In 2015, 543 million seedlings were planted on 370,000 hectares (ha) of provincial forest lands in Canada. Seeding was used to re-establish forests on an additional 7,900 ha.
- The number of seedlings planted has remained relatively stable since 2013 and is within 1% of the 10-year average.
- For the past six years, seeding has accounted for less than 4% of the area artificially regenerated.
- Most regeneration activities occur on harvested lands, so steady rates of regeneration reflect stable harvest levels.
Successful regeneration is required following forest harvesting on Crown lands. Regeneration may be achieved through natural or artificial (planting or seeding) means. The type of forest, type of harvesting method and desired composition of the new forest determine the regeneration method.
Why is this indicator important?
- Regeneration activities ensure that harvested areas regrow as forests continue to produce timber and maintain ecosystem services, such as storing carbon, regulating water quality and providing habitat.
- How forests are regenerated can influence forest composition over time.
What is the outlook?
- Regeneration is required on all Crown lands in Canada, so virtually all harvested lands will continue to be regenerated.
- The area regenerated is related primarily to recent harvest levels, which are influenced by market conditions for wood products.
- The proportions of natural and artificial regeneration are unlikely to deviate from recent trends.
- National Forestry Database.

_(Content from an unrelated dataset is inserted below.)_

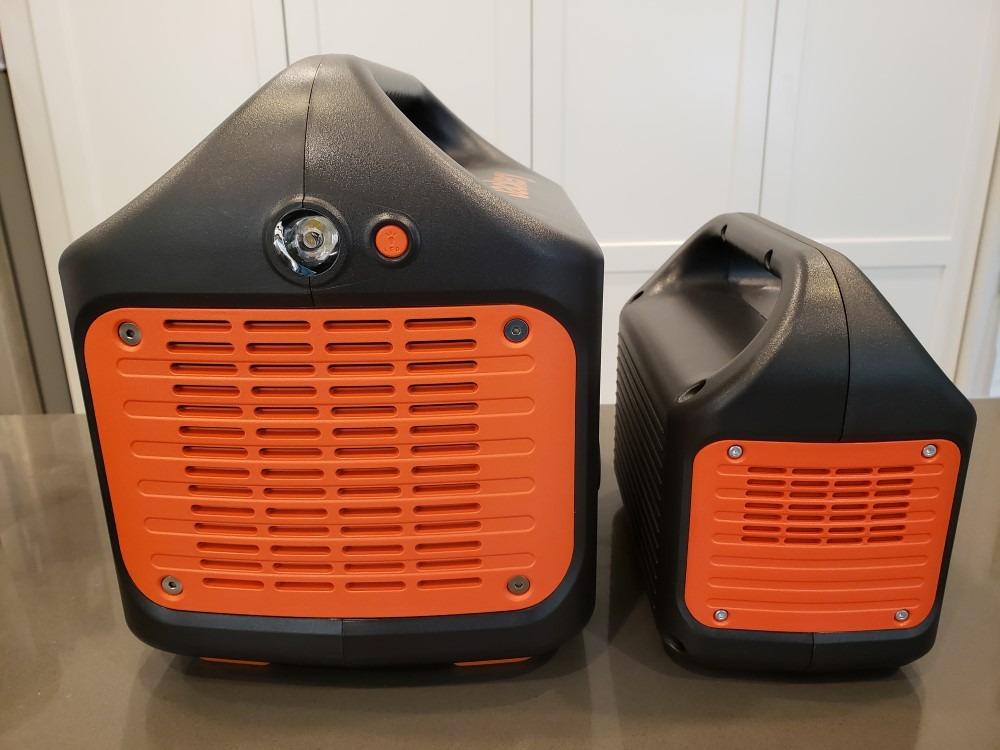 Jackery Solar Generator 300, 293Wh Backup Lithium Battery with 1XSolar Panel SolarSaga 100W, 110V/300W Pure Sine Wave AC Outlet for RV Outdoors Camping Travel Blackout - Customer Photo 2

Silviculture – National tables, Table 6.6, Area of direct seeding by ownership and province/territory, 1990–2015. (accessed June 30, 2017).

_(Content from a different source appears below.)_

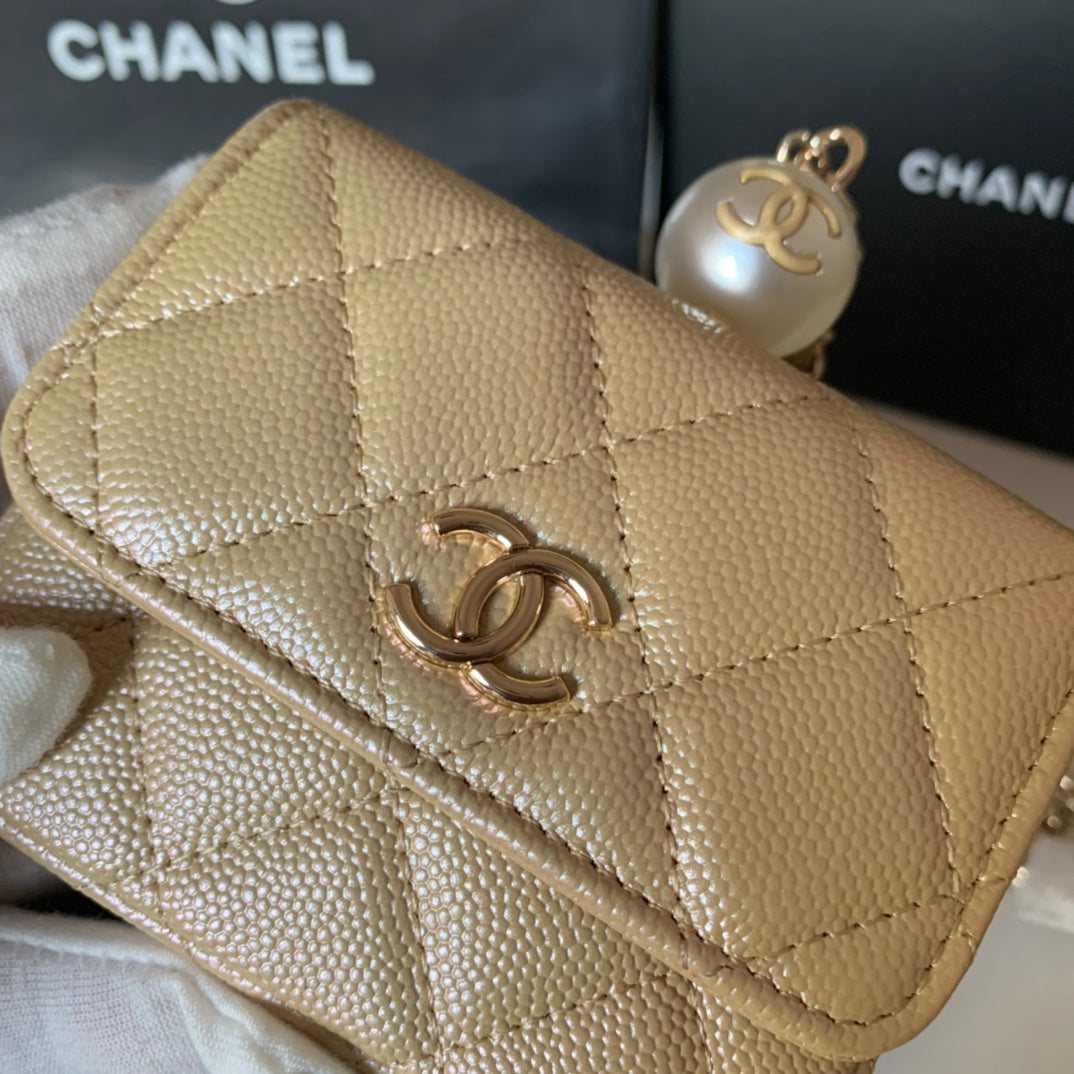 CHANEL 珍珠鏈條零錢包！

- National Forestry Database. Silviculture – National tables, Table 6.7, Area planted by ownership, species, and province/territory, 1990–2015. (accessed June 30, 2017).
- National Forestry Database. Silviculture – National tables, Table 6.8, Number of seedlings planted by ownership, species and province/territory, 1990–2015. (accessed June 30, 2017).

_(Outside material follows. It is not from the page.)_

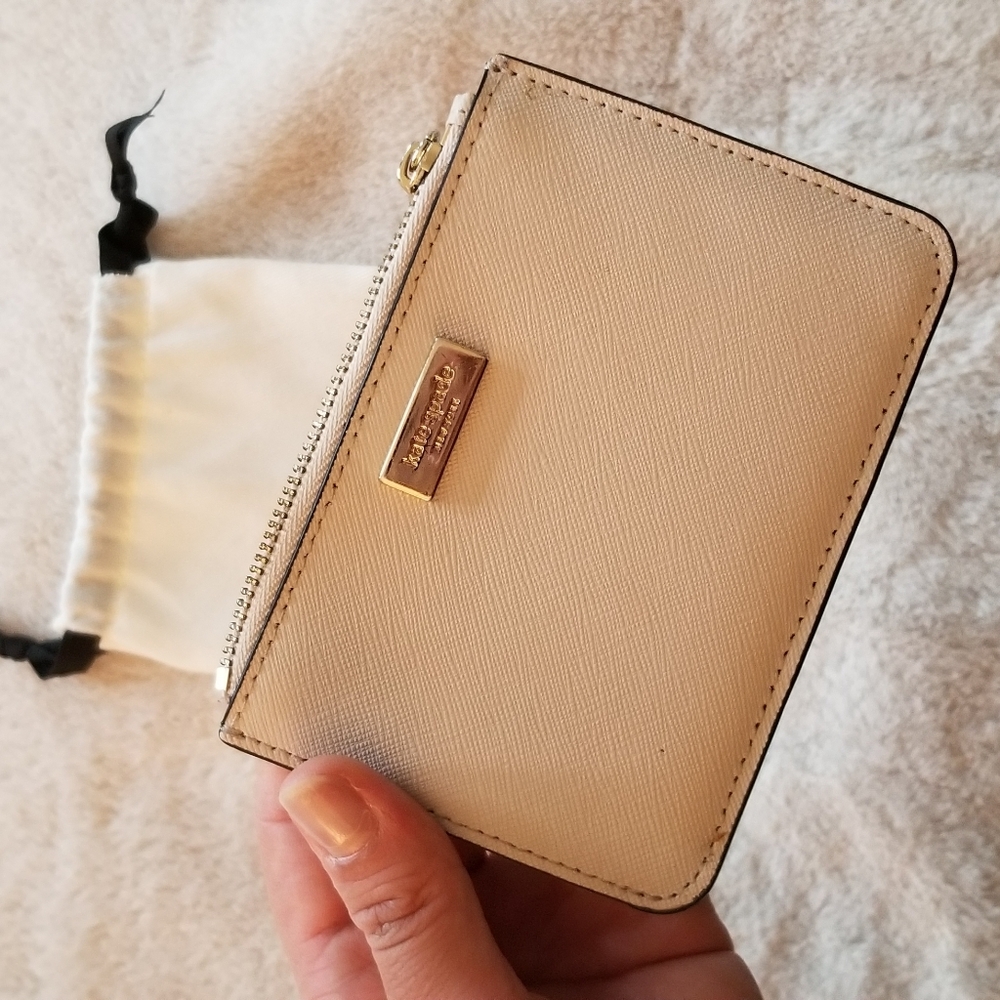 Kate spade small wallet with a small Dust bag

- Data are for forests on provincial Crown lands across Canada.
- Federally and privately owned lands are excluded.
- Artificial regeneration rates tend to lag behind harvest rates because of the time that may be required for planning, production of seedlings, and site preparation.
- Natural regeneration is often the most efficient approach for regenerating harvested areas when there is abundant existing understorey regeneration and a plentiful seed supply (e.g. lowland black spruce and tolerant hardwoods, respectively), or when tree species that can resprout from established root systems are present and desired (e.g. trembling aspen).
- Artificial regeneration is suitable for sites where there is insufficient desired natural regeneration and where the objective is to achieve species composition targets required for sustainable forest management objectives.